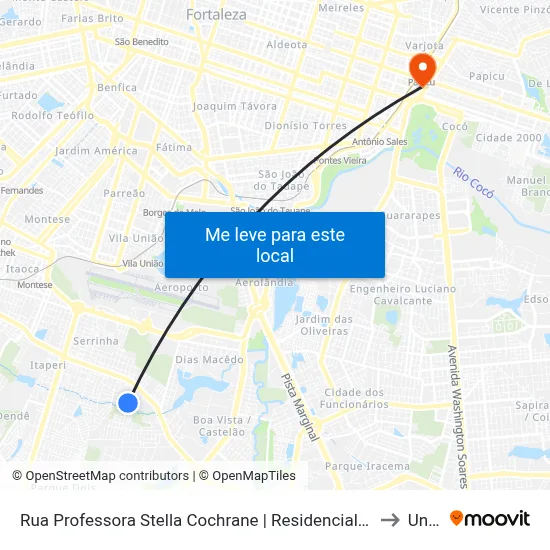 Rua Professora Stella Cochrane | Residencial Karol Wojtyla - Itaperi to Uninta map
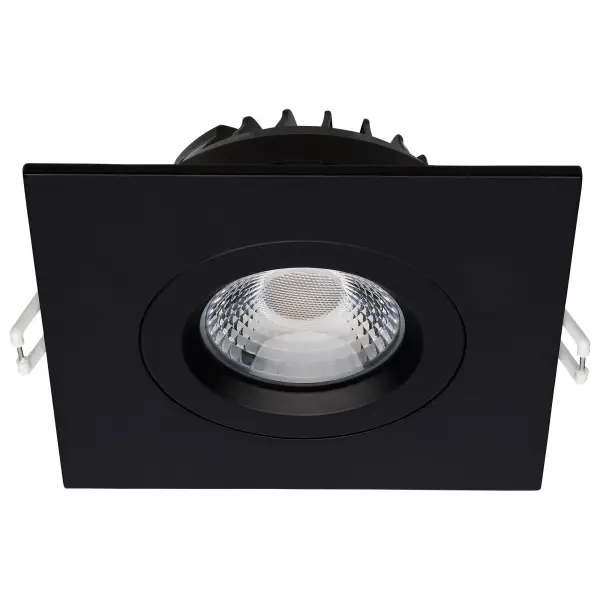12 Watt LED Direct Wire Downlight - Gimbaled - 4 Inch - CCT Selectable - Square - Remote Driver - Black Finish - 850 Lumens - 120 Volt - Image 3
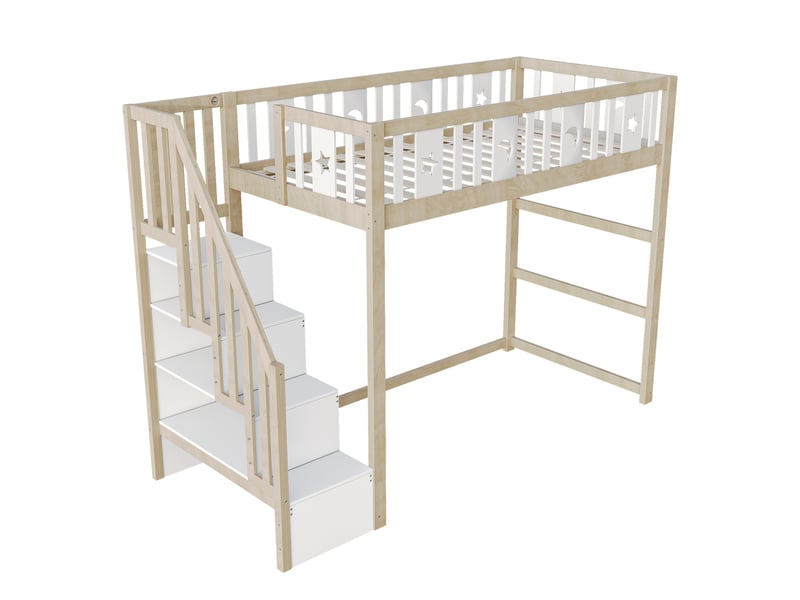  Lit mezzanine enfant 90x200 cm avec escalier de rangement, détails étoile et lune, structure bois massif, blanc et bois naturel  - Conforama D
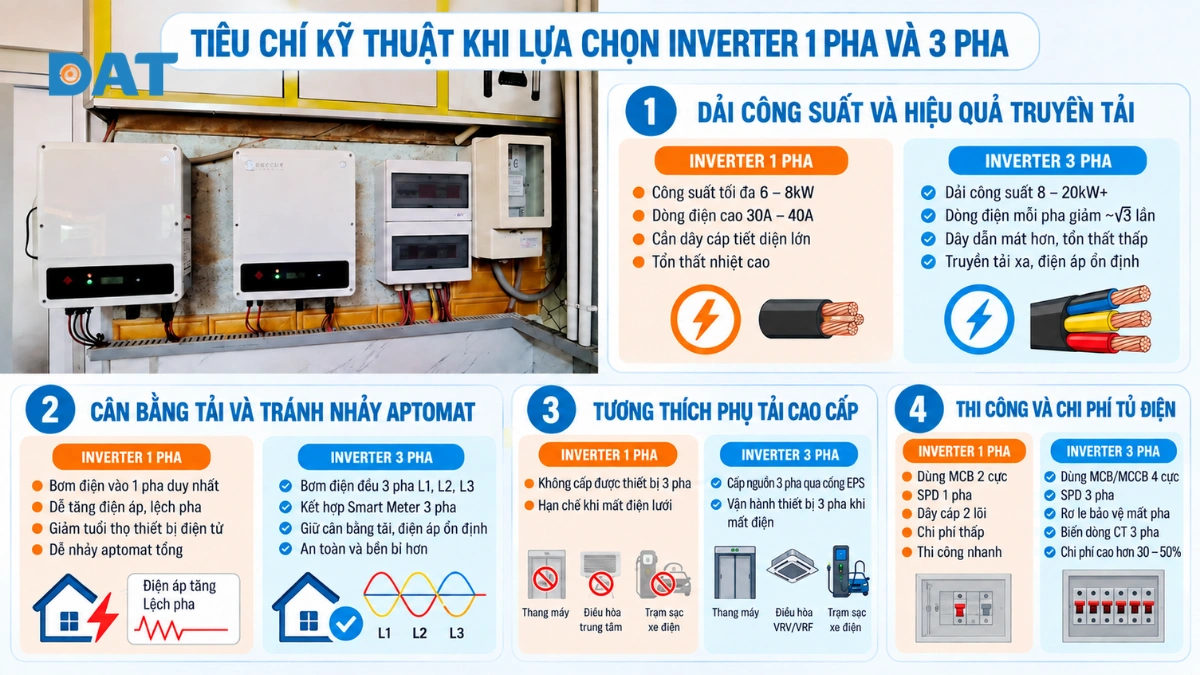 4 tiêu chí kỹ thuật khi lựa chọn inverter 1 pha và 3 pha.webp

### TASK STATEMENT
Transcribe the whole listing exactly as it stands, apart from the pictures.

### RESULT OF THIS EXERCISE
 Rua Professora Stella Cochrane | Residencial Karol Wojtyla - Itaperi to Uninta map
12 Watt LED Direct Wire Downlight - Gimbaled - 4 Inch - CCT Selectable - Square - Remote Driver - Black Finish - 850 Lumens - 120 Volt - Image 3
  Lit mezzanine enfant 90x200 cm avec escalier de rangement, détails étoile et lune, structure bois massif, blanc et bois naturel  - Conforama D
 4 tiêu chí kỹ thuật khi lựa chọn inverter 1 pha và 3 pha.webp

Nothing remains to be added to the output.